The FDA, Swine Flu and Twitter

It used to be that the public found out about FDA approvals in a relatively straightforward way: the wire services would tell them, either because the company involved pushed out a press release or the FDA did. It was a great example of the old-fashioned news flow: newsmaker to media to public.

That's a system that is breaking down in the age of text messaging and Twitter, and another FDA approval -- this time of the new swine flu vaccine -- illustrated that brilliantly. At about 1 p.m. on Sept. 15, the Secretary of Health and Human Services, Kathleen Sebelius, was giving her opening statement at a House of Representatives committee meeting. There was nothing in her prepared statement that suggested there would be anything more than an update on the current swine flu planning, but not long after Sebelius started speaking, she dropped a bombshell: the FDA had cleared the swine flu vaccine.

Because the committee meeting wasn't packed with FDA reporters, the new trickled out slowly. at 1:37 p.m., Rep. Greg Walden broke the news, hammering a tweet into his BlackBerry: "Participating in hearing on H1N1 flu with Sec Sebelius. FDA has just approved four more vaccine producers. Go to http://www.flu.gov for more info."

By the end of the hour, the first wire story had appeared, from the Associated Press. But into today's fragmented media world, a single AP story didn't have immediate impact and questions began to swirl. It's not the wire services that carry the world's most up-to-date news. It's Twitter.

"FDA has approved the swine flu vaccine, but no details yet. Lemme know if you seem 'em before I do," tweeted Scott Hensley, the veteran health reporter now at NPR, at 2:26 p.m. CNBC's Mike Huckman had jumped on the case, informing his followers at 2:37 p.m. "Sebelius told Congress apparently. Told FDA working up PR now." Nine minutes later, he had more confirmation: "Sanofi-Aventis $SNY confirms FDA has approved its H1N1 #swineflu vaccine. AP reports FDA has also OK'd AstraZeneca $AZN & Novartis $NVS vax."

Even two hours after Sec. Sebelius made the news, journalists were still hunting down details. At 3:09 p.m., the Baltimore Sun's dependable Kelly Brew was still seeking out info, keeping her followers up to date: "hearing reports that a swine flu vaccine has just won FDA approval.. will keep you posted."

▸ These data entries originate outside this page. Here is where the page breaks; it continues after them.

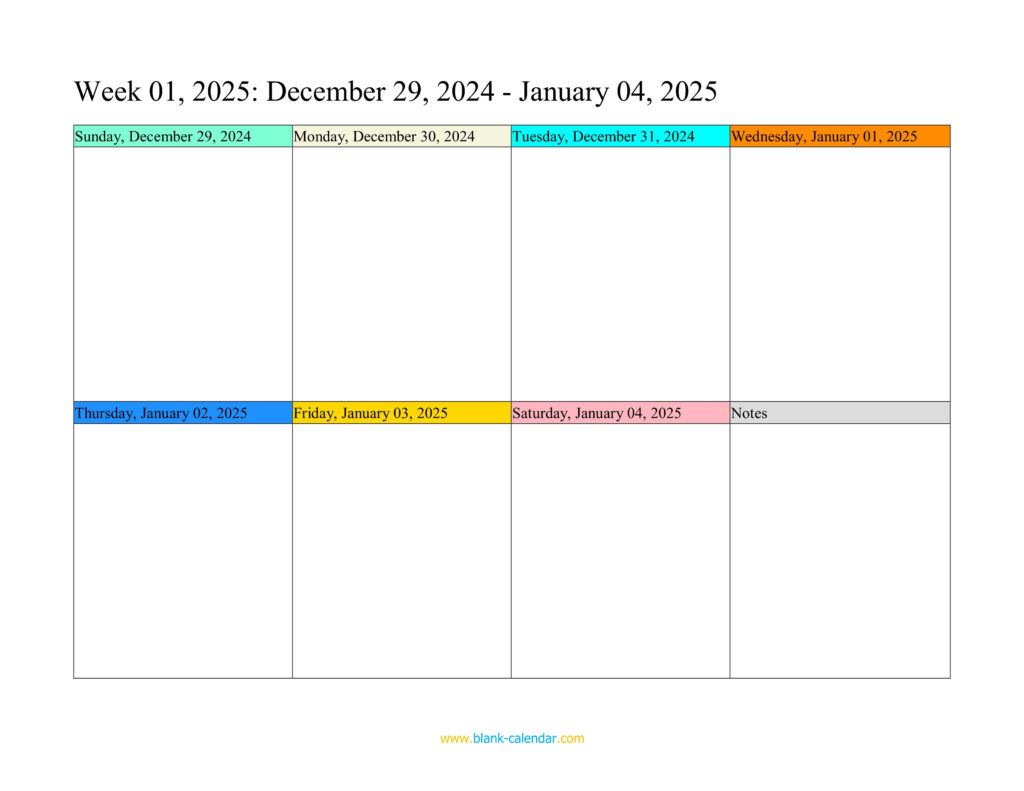 Weekly Calendar 2025 (Word, Excel, Pdf) In 2025 Weekly Calendar Printable | CalendarCrazePrint.Com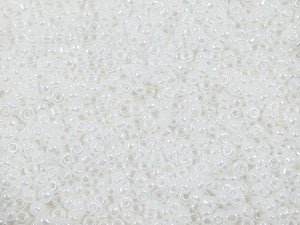 Perles de rocailles 12/0 - Blanc nacré - 20g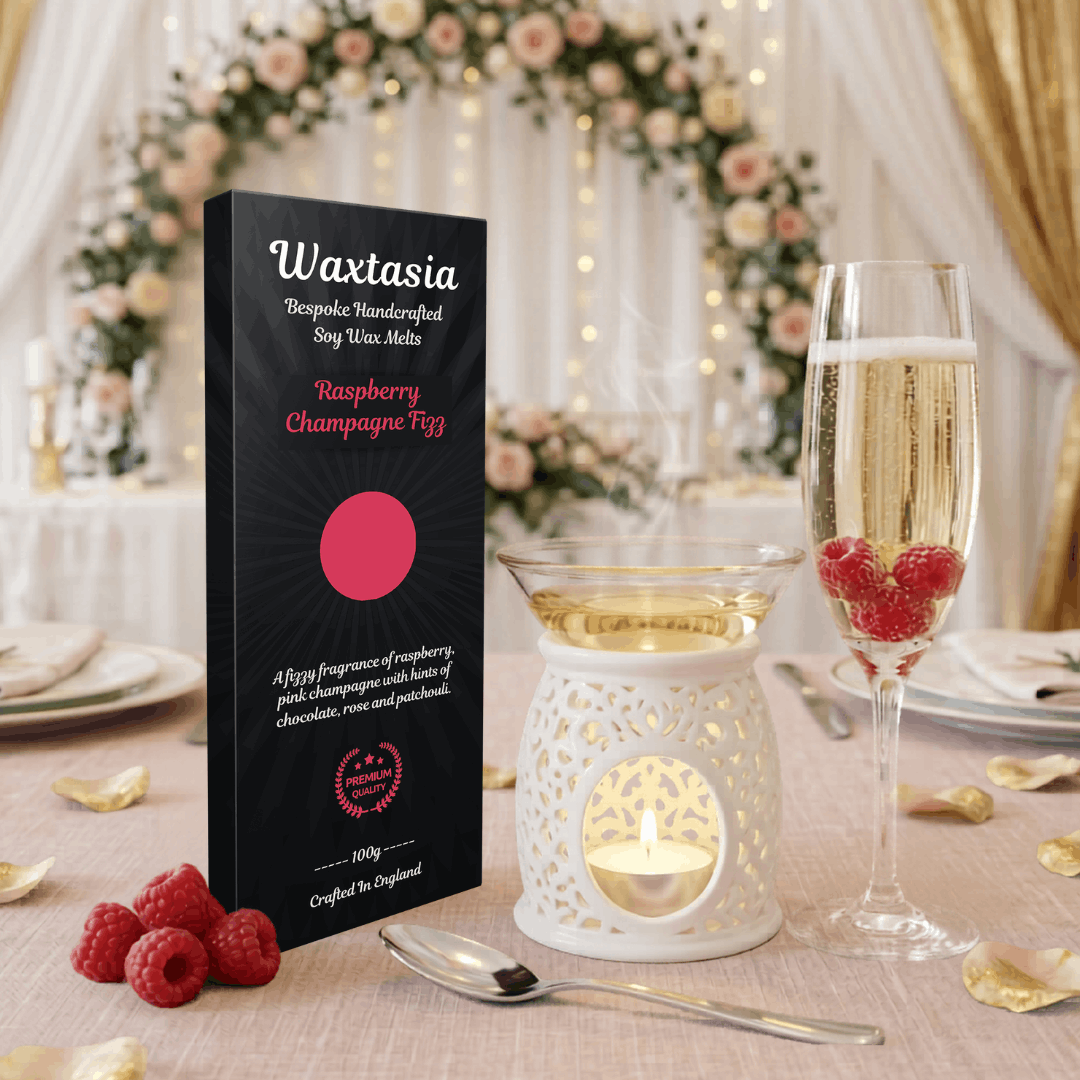 Raspberry champaigne fizz Raspberry Scented Wax Melt Sparkling raspberry and champagne soy wax melts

By the end of the day, the FDA and company press releases were out, the story was being told, and order had been restored to the media universe. Still, there was no official government word of the approval on Twitter until nearly 8 p.m., when the flu.gov's Twitter stream carried a link to the FDA press release.

What's remarkable is where the tweets didn't come from. The FDA's new "drug info" Twitter account carried no news of the approval. And despite the fact the two of the four companies whose vaccines were cleared are on Twitter, there was nary a tweet on the subject from AstraZeneca or Novartis.

The point isn't that the old model of news distribution is hopelessly antiquated (it worked just fine on Friday, with two FDA approvals reaching the public using the usual pathway), it's that there are a lot more channels to think about, channels that the media are already relying upon for their newsgathering. For huge and growing numbers of newshounds, Twitter is their primary information source. As the flu approval demonstrated, a lack of engagement on Twitter means -- quite literally -- missing the story.

09/21/2009

The 5 Myths Surrounding the FDA and Social Media

The last time the U.S. Food and Drug Administration gathered information on how it ought to regulate medical information on the Internet, it was 1996. Google wouldn't exist for 2 more years, and Facebook founder Mark Zuckerberg was 12 years old.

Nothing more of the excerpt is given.